[Collected data]
________________________________________

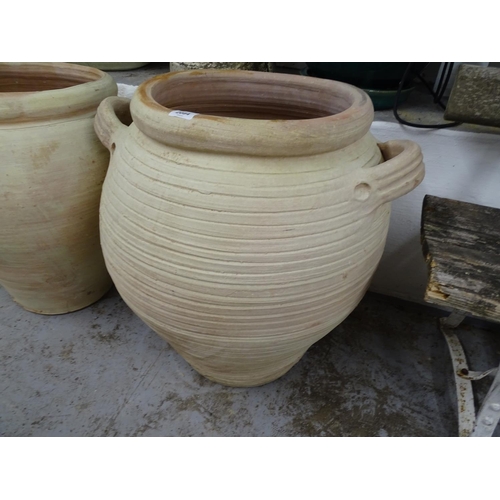 2084 - A large terracotta 2-handled ribbed garden pot, W58cm, H63cm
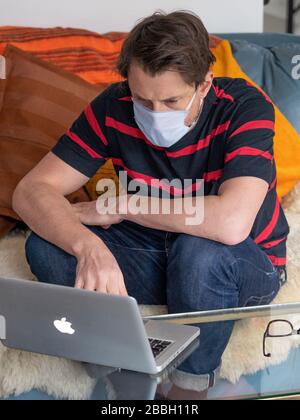 MID 40er Männer arbeiten von zu Hause aus mit Apple-Laptop und tragen Gesichtsmaske. Stockfoto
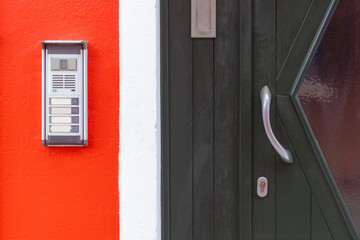 Door intercom on red wall in Burano Italy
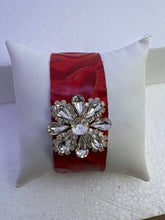 Embossed leather bracelets with clear rhinestone jewel in a floral pattern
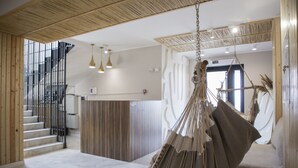 A spacious lobby with a hanging chair, a staircase, and a reception desk. - Silence hotel (Cholpon-Ata)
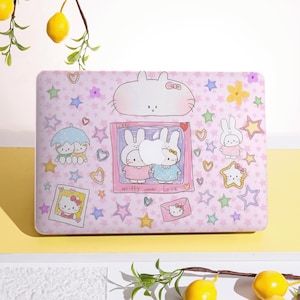 May include: A pink laptop case featuring cartoon illustrations of bunnies, stars, hearts, and flowers. The case has a rectangular shape and includes the text "miffy in love" and a picture of Hello Kitty.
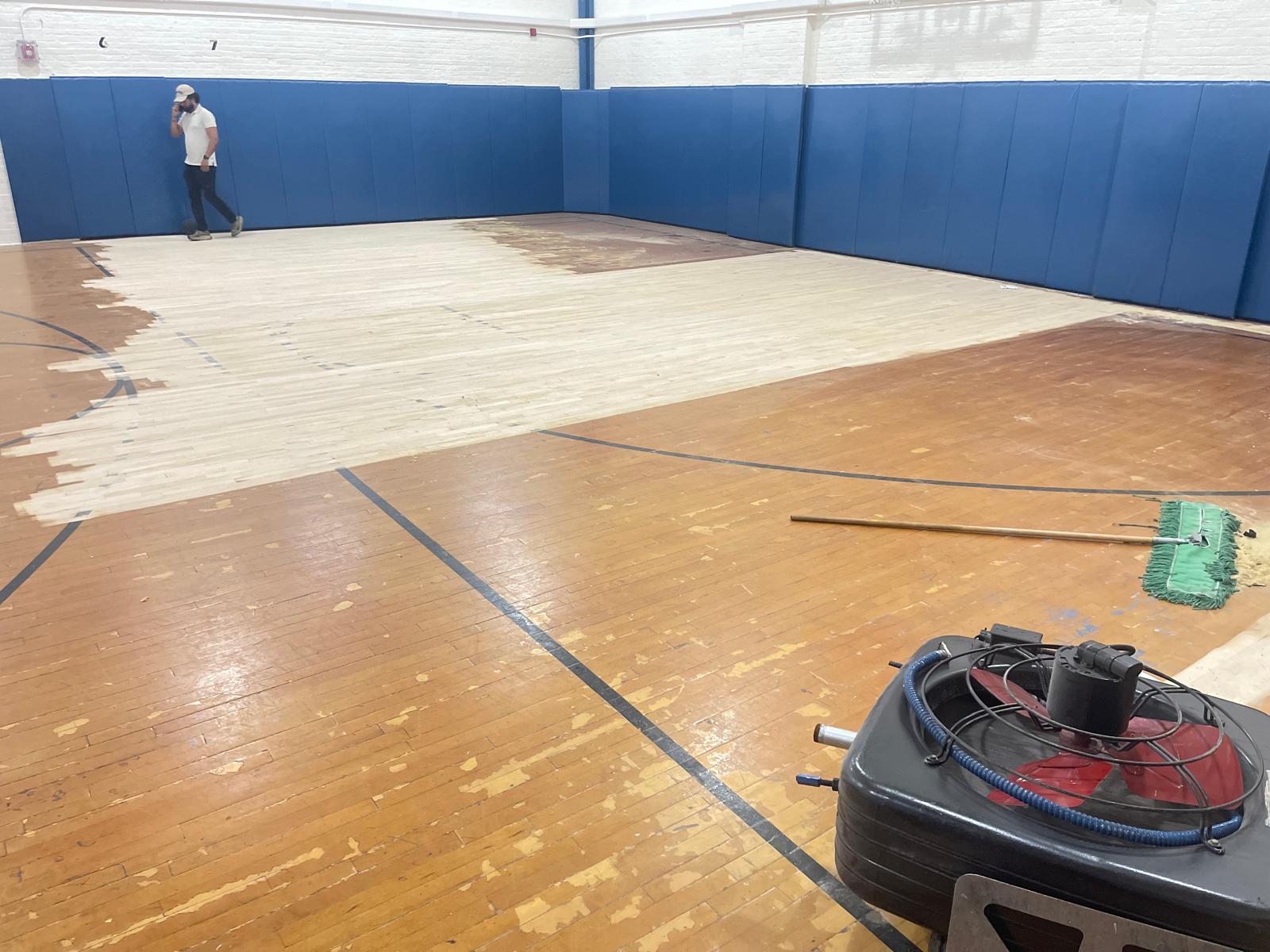 Restoration in progress — a section of the court sanded down to raw maple
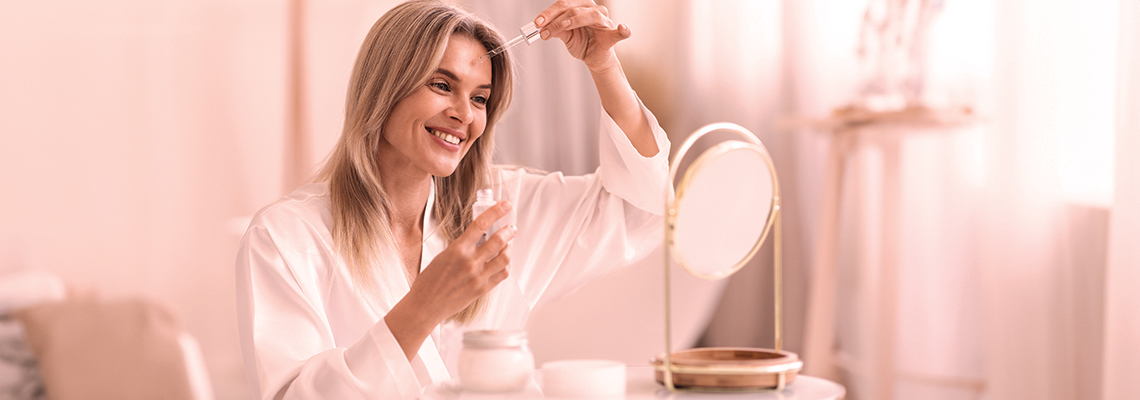 Smiling woman applying makeup in a bright, softly lit room.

________________________________________

▶ [Task requirements]
Give the lines above again exactly, from the one containing "A spacious lobby" to the one containing "May include: A", both included, but leave out the pictures.

▶ [Answer to the exercise]
 A spacious lobby with a hanging chair, a staircase, and a reception desk. - Silence hotel (Cholpon-Ata)
 May include: A pink laptop case featuring cartoon illustrations of bunnies, stars, hearts, and flowers. The case has a rectangular shape and includes the text "miffy in love" and a picture of Hello Kitty.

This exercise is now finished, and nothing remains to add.